On Sun, Mar 18, 2012 at 1:55 PM, Uros Bizjak <ubiz...@gmail.com> wrote:
> On Sun, Mar 18, 2012 at 5:01 PM, Uros Bizjak <ubiz...@gmail.com> wrote:
>
>>> I am testing this patch.  OK for trunk if it passes all tests?
>>
>> No, force_reg will generate a pseudo, so this conversion is valid only
>> for !can_create_pseudo ().
>>
>> At least for *tls_initial_exec_x32_store, you will need a temporary to
>> split the pattern after reload.

Here is the updated patch to add can_create_pseudo.  I also changed
tls_initial_exec_x32 to take an input register operand as thread pointer.

> Please try attached patch. It simply throws away all recent
> complications w.r.t. to thread pointer and always handles TP in
> DImode.
>
> The testcase:
>
> --cut here--
> __thread int foo __attribute__ ((tls_model ("initial-exec")));
>
> void bar (int x)
> {
>  foo = x;
> }
>
> int baz (void)
> {
>  return foo;
> }
> --cut here--
>
> Now compiles to:
>
> bar:
>        movq    foo@gottpoff(%rip), %rax
>        movl    %edi, %fs:(%rax)
>        ret
>
> baz:
>        movq    foo@gottpoff(%rip), %rax
>        movl    %fs:(%rax), %eax
>        ret
>
> In effect, this always generates %fs(%rDI) and emits REX prefix before
> mov/add to satisfy brain-dead linkers.
>
> The patch is bootstrapping now on x86_64-pc-linux-gnu.
>

For

--
extern __thread char c;
extern char y;
void
ie (void)
{
  y = c;
}
--

Your patch generates:

        movl    %fs:0, %eax     
        movq    c@gottpoff(%rip), %rdx  
        movzbl  (%rax,%rdx), %edx       
        movb    %dl, y(%rip)    
        ret     

It can be optimized to:

        movq    c@gottpoff(%rip), %rax  
        movzbl  %fs:(%rax), %eax        
        movb    %al, y(%rip)    
        ret     

H.J.
2012-03-19  H.J. Lu  <hongjiu...@intel.com>

	* config/i386/i386-protos.h (ix86_split_tls_initial_exec_x32): New.
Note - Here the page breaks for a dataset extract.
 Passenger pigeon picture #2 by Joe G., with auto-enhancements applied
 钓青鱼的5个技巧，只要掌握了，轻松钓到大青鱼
	* config/i386/i386.c (legitimize_tls_address): Also pass thread
	pointer to gen_tls_initial_exec_x32.
	(ix86_split_tls_initial_exec_x32): New.

	* config/i386/i386.md (*load_tp_x32): Renamed to ...
	(*load_tp_x32_<mode>): This. Replace SI with SWI48x.
	(tls_initial_exec_x32): Add an input register operand as thread
	pointer.  Generate a REX prefix if needed.
	(*tls_initial_exec_x32_load): New.
	(*tls_initial_exec_x32_store): Likewise.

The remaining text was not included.